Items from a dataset
Content starts
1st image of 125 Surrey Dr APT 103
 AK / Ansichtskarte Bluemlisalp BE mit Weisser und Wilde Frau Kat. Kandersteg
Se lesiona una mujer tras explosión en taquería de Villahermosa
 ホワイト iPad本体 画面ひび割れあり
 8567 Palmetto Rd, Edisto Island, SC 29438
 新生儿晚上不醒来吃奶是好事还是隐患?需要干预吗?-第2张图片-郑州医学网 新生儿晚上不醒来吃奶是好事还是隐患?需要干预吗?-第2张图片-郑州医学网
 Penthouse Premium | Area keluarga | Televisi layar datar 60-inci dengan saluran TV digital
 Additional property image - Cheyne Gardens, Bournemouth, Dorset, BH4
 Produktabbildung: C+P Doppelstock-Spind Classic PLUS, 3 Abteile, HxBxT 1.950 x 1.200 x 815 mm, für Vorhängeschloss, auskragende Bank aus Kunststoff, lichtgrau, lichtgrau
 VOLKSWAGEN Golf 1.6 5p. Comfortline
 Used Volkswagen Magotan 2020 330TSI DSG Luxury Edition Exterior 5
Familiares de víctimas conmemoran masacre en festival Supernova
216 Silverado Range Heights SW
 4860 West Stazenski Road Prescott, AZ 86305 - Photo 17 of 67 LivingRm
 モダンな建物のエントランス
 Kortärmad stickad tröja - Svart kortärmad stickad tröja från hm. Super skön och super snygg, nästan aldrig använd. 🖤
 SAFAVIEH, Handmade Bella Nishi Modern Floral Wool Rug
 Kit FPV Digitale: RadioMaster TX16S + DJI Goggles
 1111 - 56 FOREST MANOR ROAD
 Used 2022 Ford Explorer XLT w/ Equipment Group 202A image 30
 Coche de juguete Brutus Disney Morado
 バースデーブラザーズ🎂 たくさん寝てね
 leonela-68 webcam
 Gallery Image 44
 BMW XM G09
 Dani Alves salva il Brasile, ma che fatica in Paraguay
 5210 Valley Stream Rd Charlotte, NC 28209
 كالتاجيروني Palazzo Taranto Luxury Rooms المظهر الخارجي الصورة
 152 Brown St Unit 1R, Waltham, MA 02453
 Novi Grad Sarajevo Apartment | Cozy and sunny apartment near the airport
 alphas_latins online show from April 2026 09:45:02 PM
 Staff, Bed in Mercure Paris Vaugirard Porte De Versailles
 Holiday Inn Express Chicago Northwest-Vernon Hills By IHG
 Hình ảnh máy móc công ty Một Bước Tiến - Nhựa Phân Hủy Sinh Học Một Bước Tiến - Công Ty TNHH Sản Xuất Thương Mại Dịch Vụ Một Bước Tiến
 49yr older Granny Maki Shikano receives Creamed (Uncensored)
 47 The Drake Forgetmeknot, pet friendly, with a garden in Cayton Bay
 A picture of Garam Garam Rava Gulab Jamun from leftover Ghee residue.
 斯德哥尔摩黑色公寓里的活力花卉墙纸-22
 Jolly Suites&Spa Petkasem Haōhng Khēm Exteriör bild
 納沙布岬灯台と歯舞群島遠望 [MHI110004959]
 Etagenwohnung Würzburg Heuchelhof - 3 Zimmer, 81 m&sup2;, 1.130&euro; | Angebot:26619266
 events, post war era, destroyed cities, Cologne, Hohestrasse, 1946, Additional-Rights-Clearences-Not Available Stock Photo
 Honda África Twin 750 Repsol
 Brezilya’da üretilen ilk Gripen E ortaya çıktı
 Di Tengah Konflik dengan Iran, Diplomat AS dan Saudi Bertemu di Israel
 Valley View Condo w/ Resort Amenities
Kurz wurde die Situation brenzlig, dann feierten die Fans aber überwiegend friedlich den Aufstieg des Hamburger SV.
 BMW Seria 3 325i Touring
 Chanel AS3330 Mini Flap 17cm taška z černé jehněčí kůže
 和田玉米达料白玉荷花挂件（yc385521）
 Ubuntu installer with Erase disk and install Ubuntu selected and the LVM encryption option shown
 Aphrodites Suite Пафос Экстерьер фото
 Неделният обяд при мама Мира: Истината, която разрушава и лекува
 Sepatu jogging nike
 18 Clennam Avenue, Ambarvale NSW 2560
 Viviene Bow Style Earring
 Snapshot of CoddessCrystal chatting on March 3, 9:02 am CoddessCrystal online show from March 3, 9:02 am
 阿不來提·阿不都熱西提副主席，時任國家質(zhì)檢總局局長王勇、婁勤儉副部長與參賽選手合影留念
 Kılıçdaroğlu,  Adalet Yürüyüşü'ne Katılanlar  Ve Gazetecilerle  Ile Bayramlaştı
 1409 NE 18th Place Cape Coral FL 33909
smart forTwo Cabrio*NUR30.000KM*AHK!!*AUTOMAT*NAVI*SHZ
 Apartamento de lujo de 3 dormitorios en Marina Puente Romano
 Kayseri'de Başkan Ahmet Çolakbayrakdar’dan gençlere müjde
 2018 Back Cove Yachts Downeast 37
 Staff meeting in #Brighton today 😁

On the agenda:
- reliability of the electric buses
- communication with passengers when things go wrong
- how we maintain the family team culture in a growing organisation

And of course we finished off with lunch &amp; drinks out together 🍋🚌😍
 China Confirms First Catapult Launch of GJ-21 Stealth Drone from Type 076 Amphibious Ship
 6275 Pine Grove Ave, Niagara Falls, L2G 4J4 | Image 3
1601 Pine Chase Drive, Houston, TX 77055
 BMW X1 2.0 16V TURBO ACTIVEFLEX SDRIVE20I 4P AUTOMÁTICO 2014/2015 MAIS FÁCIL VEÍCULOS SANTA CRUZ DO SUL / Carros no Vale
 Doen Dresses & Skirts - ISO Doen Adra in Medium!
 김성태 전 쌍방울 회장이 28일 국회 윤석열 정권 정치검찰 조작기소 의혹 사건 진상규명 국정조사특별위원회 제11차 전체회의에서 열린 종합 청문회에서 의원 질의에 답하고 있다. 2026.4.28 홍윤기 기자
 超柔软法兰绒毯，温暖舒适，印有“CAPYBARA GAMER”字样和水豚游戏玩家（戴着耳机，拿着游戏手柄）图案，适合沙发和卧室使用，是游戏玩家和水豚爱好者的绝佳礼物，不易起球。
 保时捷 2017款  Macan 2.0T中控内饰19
Content ends
What you have to do –
Write out the lines above exactly, but only from the one containing "Snapshot of CoddessCrystal" through the last one.

Exercise solution –
 Snapshot of CoddessCrystal chatting on March 3, 9:02 am CoddessCrystal online show from March 3, 9:02 am
 阿不來提·阿不都熱西提副主席，時任國家質(zhì)檢總局局長王勇、婁勤儉副部長與參賽選手合影留念
 Kılıçdaroğlu,  Adalet Yürüyüşü'ne Katılanlar  Ve Gazetecilerle  Ile Bayramlaştı
 1409 NE 18th Place Cape Coral FL 33909
smart forTwo Cabrio*NUR30.000KM*AHK!!*AUTOMAT*NAVI*SHZ
 Apartamento de lujo de 3 dormitorios en Marina Puente Romano
 Kayseri'de Başkan Ahmet Çolakbayrakdar’dan gençlere müjde
 2018 Back Cove Yachts Downeast 37
 Staff meeting in #Brighton today 😁

On the agenda:
- reliability of the electric buses
- communication with passengers when things go wrong
- how we maintain the family team culture in a growing organisation

And of course we finished off with lunch &amp; drinks out together 🍋🚌😍
 China Confirms First Catapult Launch of GJ-21 Stealth Drone from Type 076 Amphibious Ship
 6275 Pine Grove Ave, Niagara Falls, L2G 4J4 | Image 3
1601 Pine Chase Drive, Houston, TX 77055
 BMW X1 2.0 16V TURBO ACTIVEFLEX SDRIVE20I 4P AUTOMÁTICO 2014/2015 MAIS FÁCIL VEÍCULOS SANTA CRUZ DO SUL / Carros no Vale
 Doen Dresses & Skirts - ISO Doen Adra in Medium!
 김성태 전 쌍방울 회장이 28일 국회 윤석열 정권 정치검찰 조작기소 의혹 사건 진상규명 국정조사특별위원회 제11차 전체회의에서 열린 종합 청문회에서 의원 질의에 답하고 있다. 2026.4.28 홍윤기 기자
 超柔软法兰绒毯，温暖舒适，印有“CAPYBARA GAMER”字样和水豚游戏玩家（戴着耳机，拿着游戏手柄）图案，适合沙发和卧室使用，是游戏玩家和水豚爱好者的绝佳礼物，不易起球。
 保时捷 2017款  Macan 2.0T中控内饰19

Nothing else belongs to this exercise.